The 5GHz frequency band is much wider and has more channels, so the diagram is a bit more extensive. Fortunately, these channels do not overlap, so you don’t have to worry about picking non-standard channels like in the 2.4GHz band.
There are many more channels available in the 5GHz band, so it should be easier to select a channel in this band that doesn’t cause interference. This may not always be true -- more and more wireless equipment is starting to use the 5GHz
In the United States, only channels available for building mesh networks are 36, 40, 44, 48, 149, 153, 157, 161, and 165. There are other channels available for Access Points or other types of community networks, but those channels won’t work with mesh wireless. The best place to check what is allowed in your area is online. Links are provided in External Resources at the end of this document.
When setting up your wireless network, you will need to think about what frequency band to use, and what channel to use.
Power and Receiver Sensitivity
Many people want to know how far wireless signals will go. Knowing this is important for planning a network, as the power of the routers will affect the design of the network, and how much equipment is needed.
Different Wi-Fi routers can have very different power levels. Some are much stronger: they have more speaking or transmitting power than others. Some are very good listeners: they have what is called a better receive sensitivity. These two elements define how well wireless devices will connect, and how far away a receiving Wi-Fi router can be.

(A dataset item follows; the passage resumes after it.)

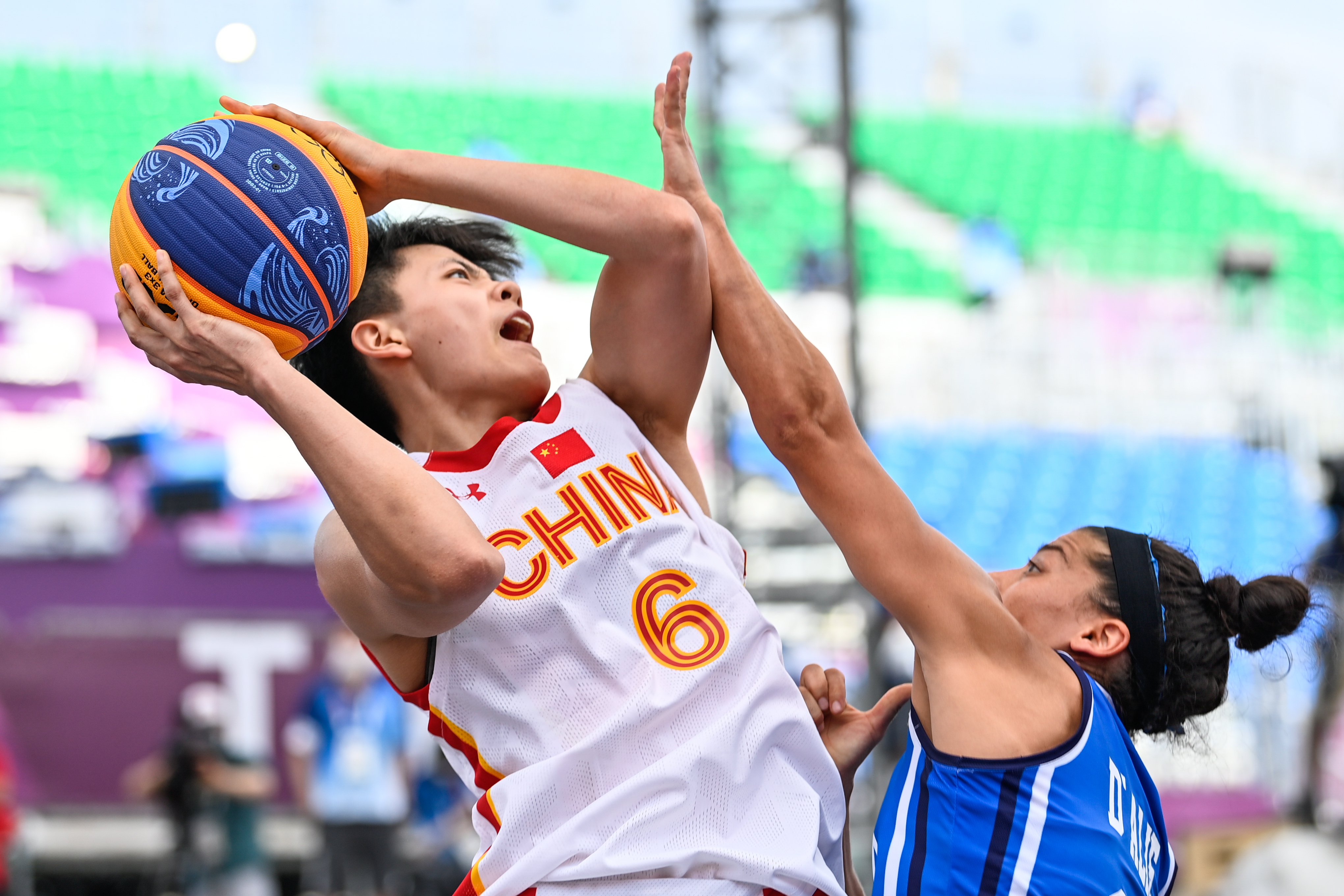 栾利程滑翔劈扣领衔CBA第十轮五佳球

Manufacturers do not usually publish information about their router’s transmit power or receive sensitivity. Instead, the manufacturer will give a generic “range” rating to their routers, usually relative to each other. In some cases, usually with more business or professional oriented equipment you can find the information for transmit power and receive sensitivity.
A router’s transmit power can be measured with two scales -- milliwatts (mW) or dBm:
- A milliwatt is one thousandth (that’s 1/1000) of a single watt - which is a generic measurement of power. For instance, a light bulb might be 40 watts. A router will have an output power of 100mW, which is 400 times less!

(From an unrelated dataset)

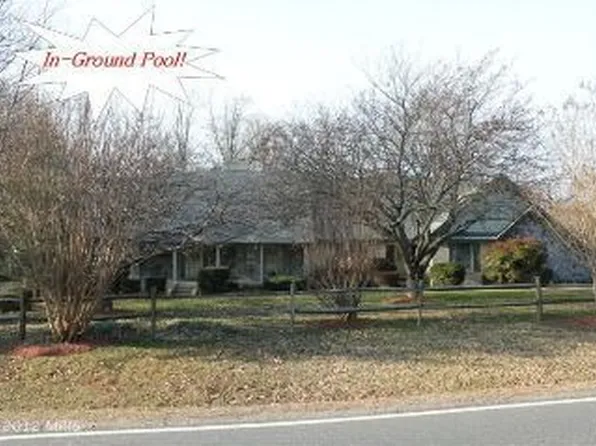 1206 Harbour Dr, Stafford, VA 22554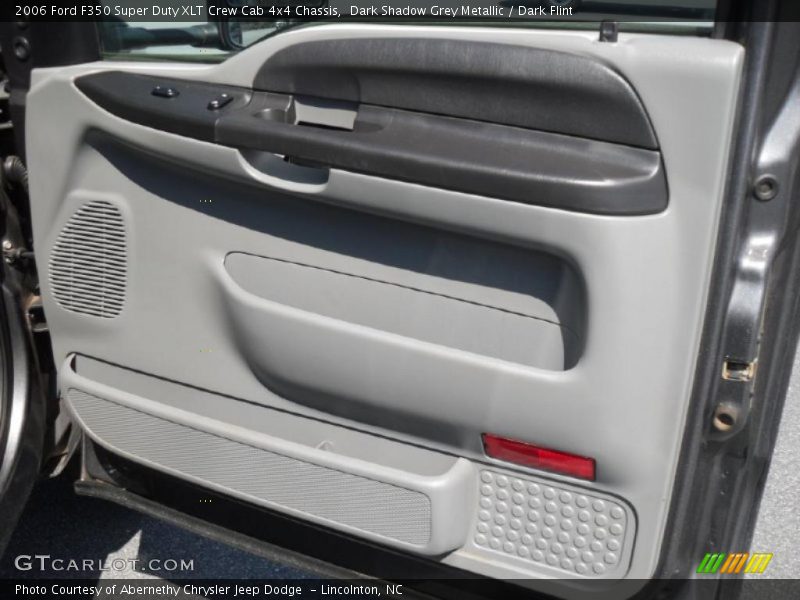 Dark Shadow Grey Metallic / Dark Flint 2006 Ford F350 Super Duty XLT Crew Cab 4x4 Chassis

- A dBm is a relative measurement using logarithms. One milliwatt is 0 dBm. 10 milliwatts is 10 dBm; 100 milliwatts is 20 dBm, and so on. This is the scale that many network designers use to calculate if longer wireless links will work.
A few examples of the transmit power levels in common Wi-Fi hardware is below:
10mW (10dBm): Laptop or smartphone, or very low cost Wi-Fi router.
About 25 to 50 meters
100mW (20dBm): Indoor home or office router.
About 50 to 100 meters
100mW (20dBm): Outdoor sector router.
About 5 to 10 kilometers
500mW (1/2 Watt or 27dBm): Outdoor, long distance focused routers.

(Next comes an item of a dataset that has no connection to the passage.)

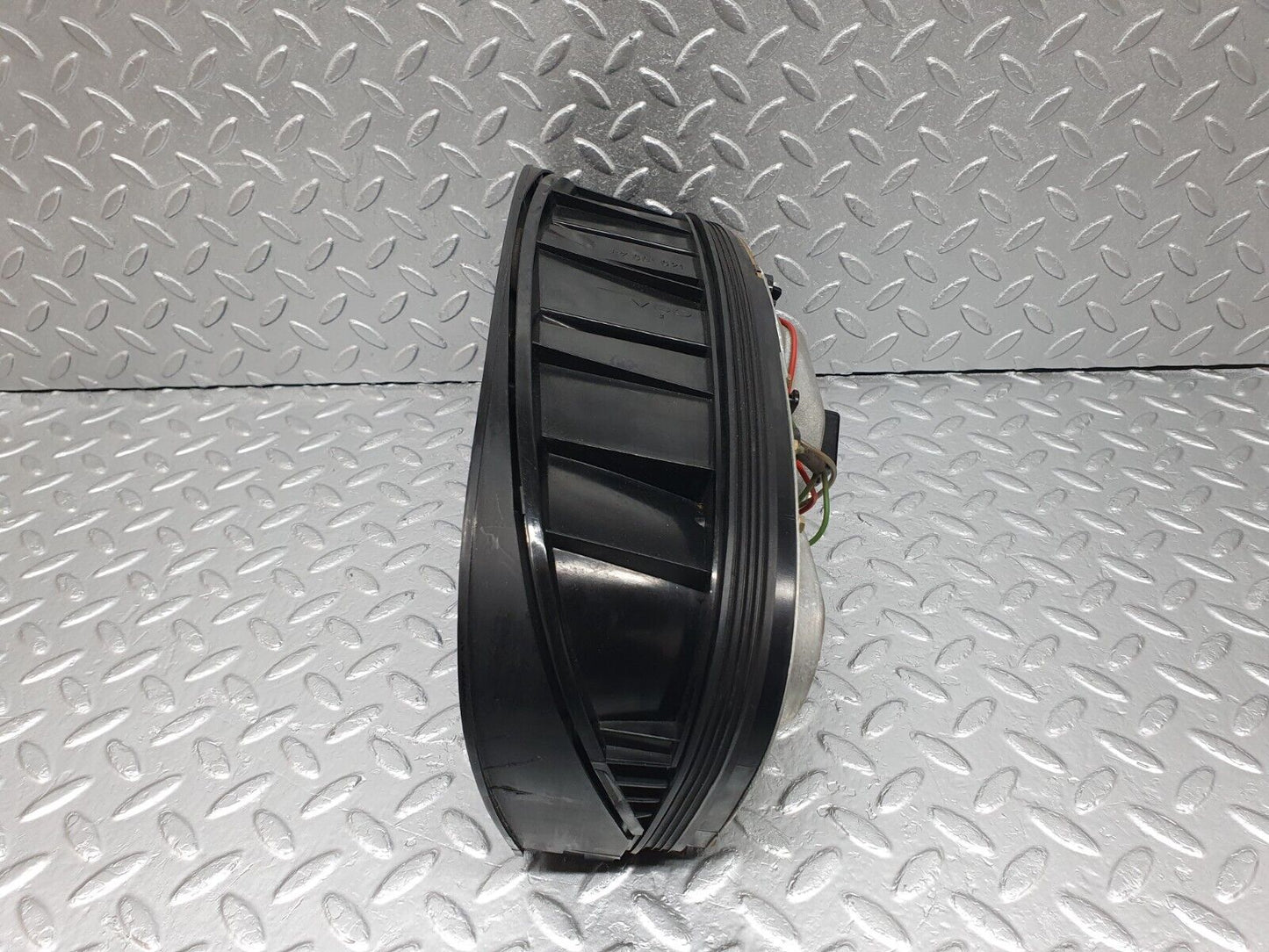 43103 Mercedes-Benz C107 450SLC Coupe Instrument Cluster 87001021 1075423701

About 10 to 20 kilometers or more
Wireless transmitter power is only one half of the connection. The Wi-Fi receiver has a range of power levels it can hear--the “listen power” in the diagram above. This is also known as the receive sensitivity. The receive sensitivity values are generally rated in dBm, and are usually in the range of -40dBm to -80dBm. The negative number indicates a very small signal -- tiny fractions of a milliwatt.
Below we have an example of two routers in relatively close range. They have a good connection because the signal strength between them is strong.
As a receiver moves away from a wireless router, the signal it hears will get “quieter” -- in other words, the power it receives will go down. Below, we can see the same routers, but with more distance between them. In this case, the routers have a weaker connection because the signal is near the limit of what the routers can hear. The speed between the routers will be less.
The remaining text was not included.